- Requirement -
Every line of the data below is to be retyped exactly.

Top of Source material

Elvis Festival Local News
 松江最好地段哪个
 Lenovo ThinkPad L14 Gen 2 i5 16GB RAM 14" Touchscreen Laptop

Bottom of Source material

- Answer space -
Elvis Festival Local News
 松江最好地段哪个
 Lenovo ThinkPad L14 Gen 2 i5 16GB RAM 14" Touchscreen Laptop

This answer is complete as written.